• **PROBLEM DESCRIPTION**
Set down every record below exactly as it stands, leaving out the pictures.

Captioned web images
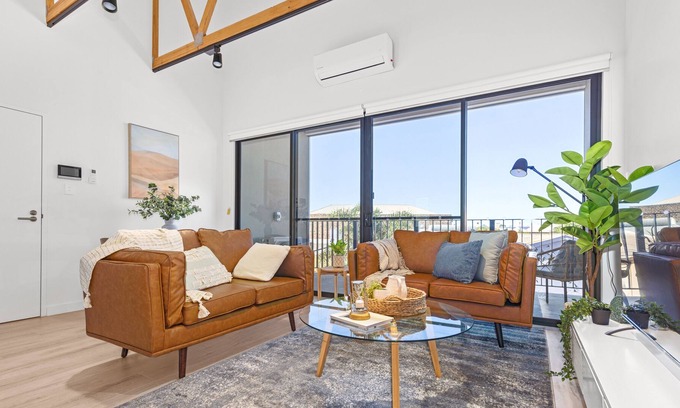 Port Adelaide Apartment | Ultra-modern spacious 2 bedroom apartment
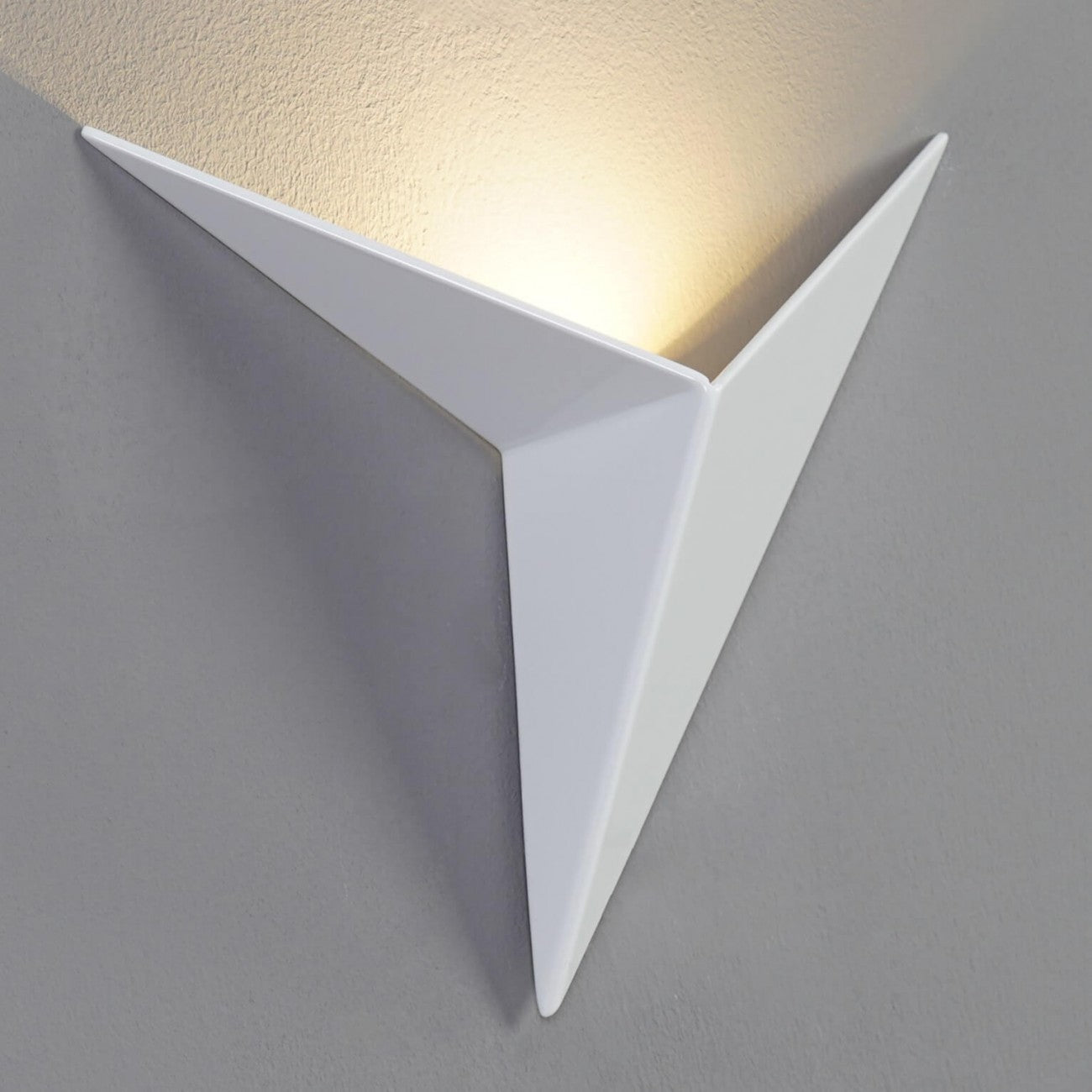 Royaleva Trigon Wall Light - Modern LED Triangular Wall Lamp, Black/White/Gold, Warm/Cool White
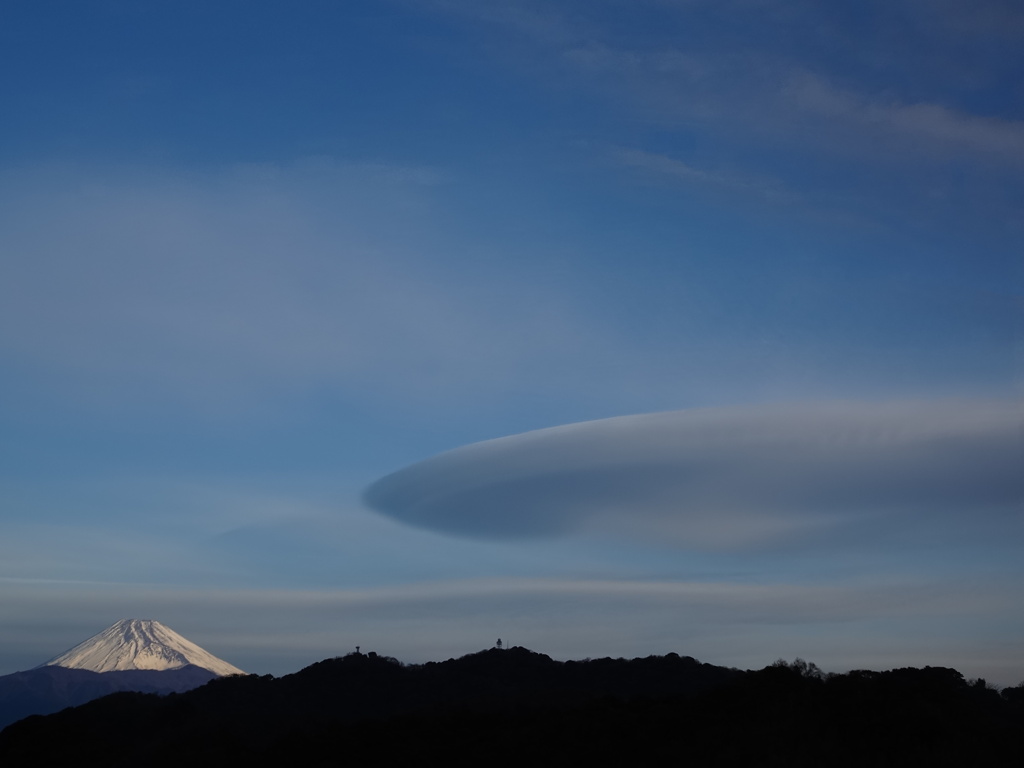 円盤のような雲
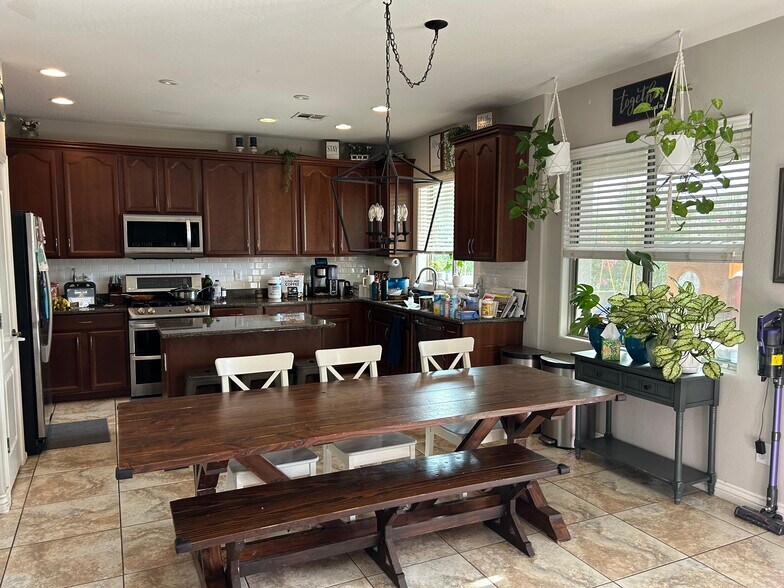 Building Photo - 4866 S Emery Cir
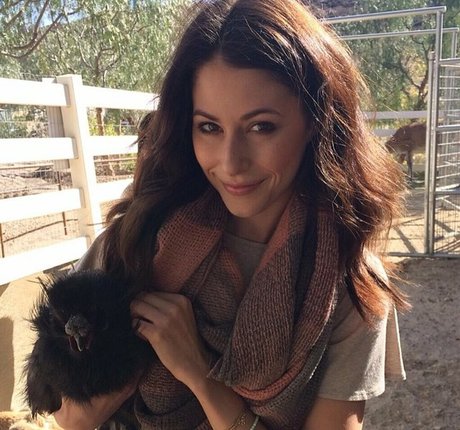 Amanda Crew nude only fans leaks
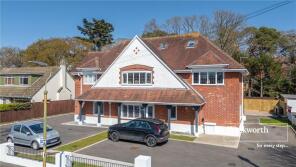 Flat 1, 18, Browning Avenue, Bournemouth BH5 1NN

• **OUTPUT OF THE EXERCISE**
 Port Adelaide Apartment | Ultra-modern spacious 2 bedroom apartment
 Royaleva Trigon Wall Light - Modern LED Triangular Wall Lamp, Black/White/Gold, Warm/Cool White
 円盤のような雲
 Building Photo - 4866 S Emery Cir
 Amanda Crew nude only fans leaks
 Flat 1, 18, Browning Avenue, Bournemouth BH5 1NN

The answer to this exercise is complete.